Data records:
-- Opening Marker --
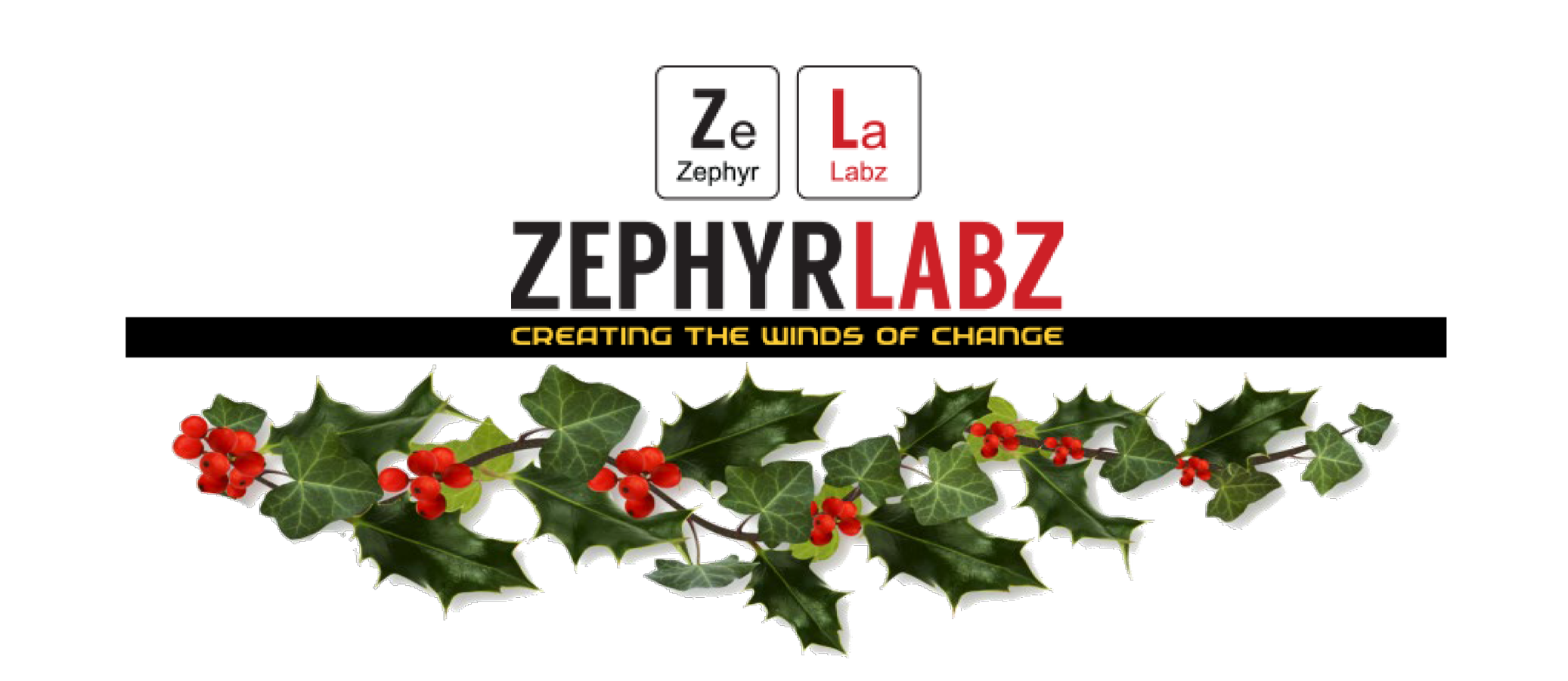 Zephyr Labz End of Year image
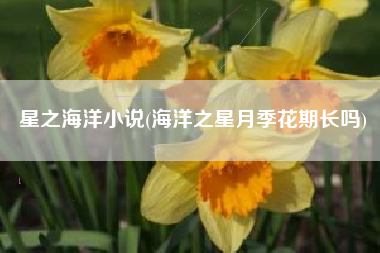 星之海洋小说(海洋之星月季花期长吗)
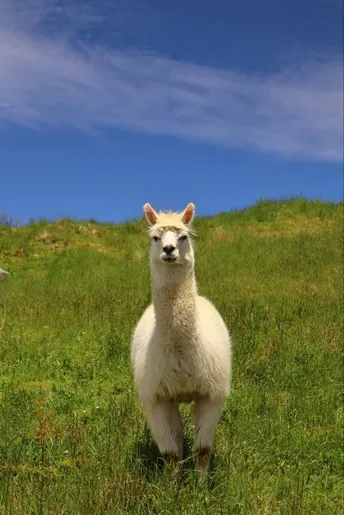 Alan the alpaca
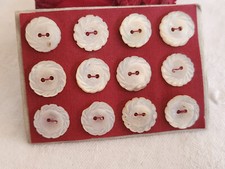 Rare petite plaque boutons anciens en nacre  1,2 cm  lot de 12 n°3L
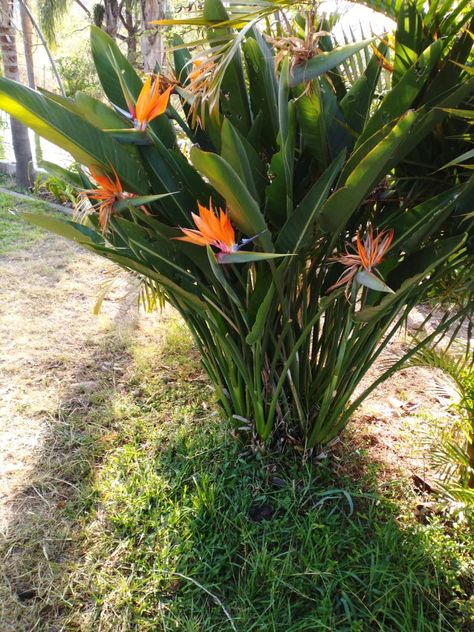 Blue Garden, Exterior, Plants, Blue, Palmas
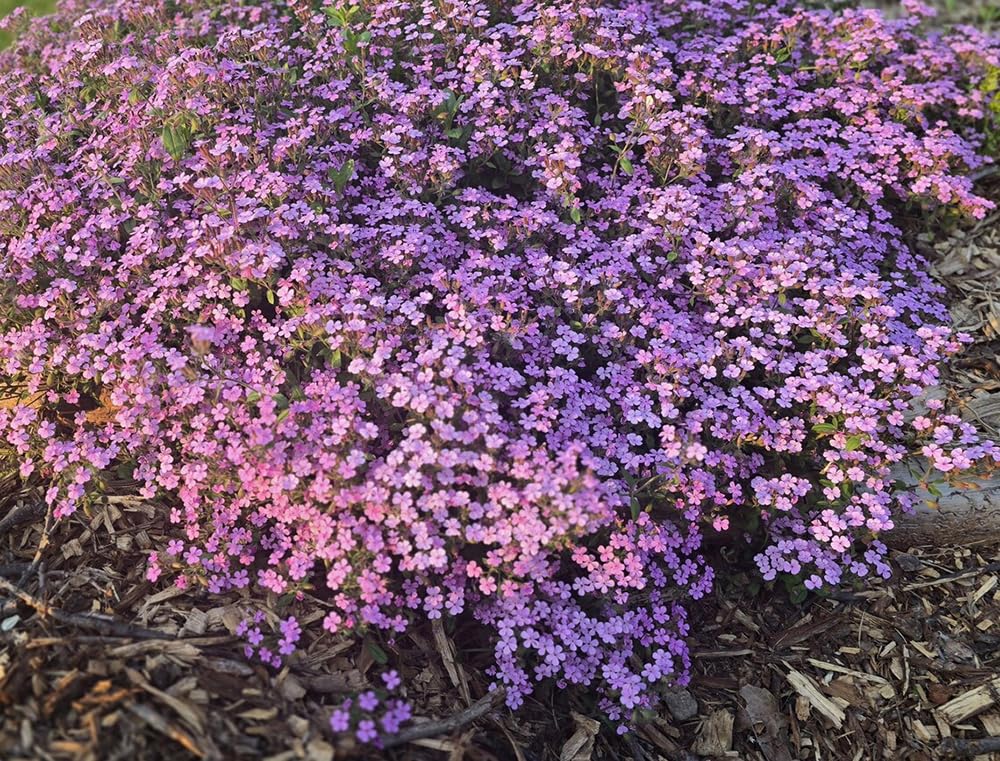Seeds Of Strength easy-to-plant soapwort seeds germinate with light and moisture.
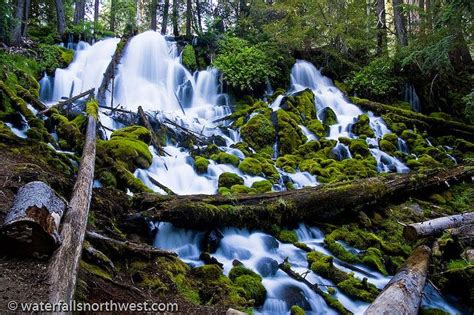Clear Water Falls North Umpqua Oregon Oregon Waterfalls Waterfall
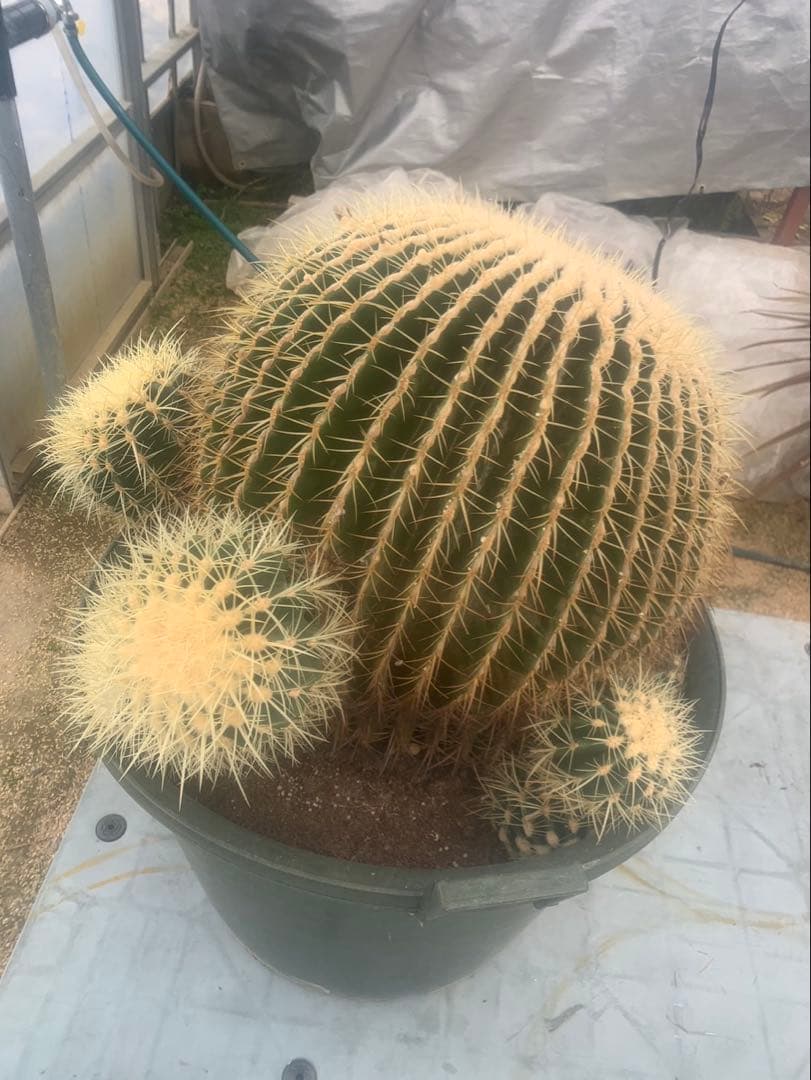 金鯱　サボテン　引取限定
-- Closing Marker --
-- Opening Marker --
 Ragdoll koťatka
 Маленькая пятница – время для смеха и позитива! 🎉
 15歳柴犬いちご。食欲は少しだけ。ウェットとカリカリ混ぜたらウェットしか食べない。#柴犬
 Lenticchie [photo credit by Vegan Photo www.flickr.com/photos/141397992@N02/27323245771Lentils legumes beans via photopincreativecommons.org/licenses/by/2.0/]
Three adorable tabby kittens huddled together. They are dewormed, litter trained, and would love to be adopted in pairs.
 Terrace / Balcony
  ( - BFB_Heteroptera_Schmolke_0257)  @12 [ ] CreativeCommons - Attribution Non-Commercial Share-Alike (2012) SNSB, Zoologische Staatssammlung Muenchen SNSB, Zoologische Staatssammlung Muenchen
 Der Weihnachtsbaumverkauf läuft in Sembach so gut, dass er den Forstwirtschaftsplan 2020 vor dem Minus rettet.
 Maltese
-- Closing Marker --
Only the lines starting at the one that includes "Zephyr Labz End of Year image" and ending at the one that includes "金鯱　サボテン　引取限定" should be retyped, exactly, from the records above; no pictures.

 Zephyr Labz End of Year image
 星之海洋小说(海洋之星月季花期长吗)
 Alan the alpaca
 Rare petite plaque boutons anciens en nacre  1,2 cm  lot de 12 n°3L
 Blue Garden, Exterior, Plants, Blue, Palmas
Seeds Of Strength easy-to-plant soapwort seeds germinate with light and moisture.
Clear Water Falls North Umpqua Oregon Oregon Waterfalls Waterfall
 金鯱　サボテン　引取限定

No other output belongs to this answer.